(Exercise requirements)
All lines in the listing below that hold the string "Stock" are to be tallied, with only the total reported.

(Exercise inputs)
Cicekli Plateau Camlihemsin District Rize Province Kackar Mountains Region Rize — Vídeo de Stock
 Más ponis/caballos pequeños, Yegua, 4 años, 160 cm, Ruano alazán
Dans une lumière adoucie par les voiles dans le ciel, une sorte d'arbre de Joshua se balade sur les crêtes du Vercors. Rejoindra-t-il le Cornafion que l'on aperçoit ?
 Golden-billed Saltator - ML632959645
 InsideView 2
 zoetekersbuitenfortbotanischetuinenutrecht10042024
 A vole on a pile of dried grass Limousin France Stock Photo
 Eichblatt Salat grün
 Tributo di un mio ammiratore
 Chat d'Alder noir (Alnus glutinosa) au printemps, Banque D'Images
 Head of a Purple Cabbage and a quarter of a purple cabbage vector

(Solved exercise)
2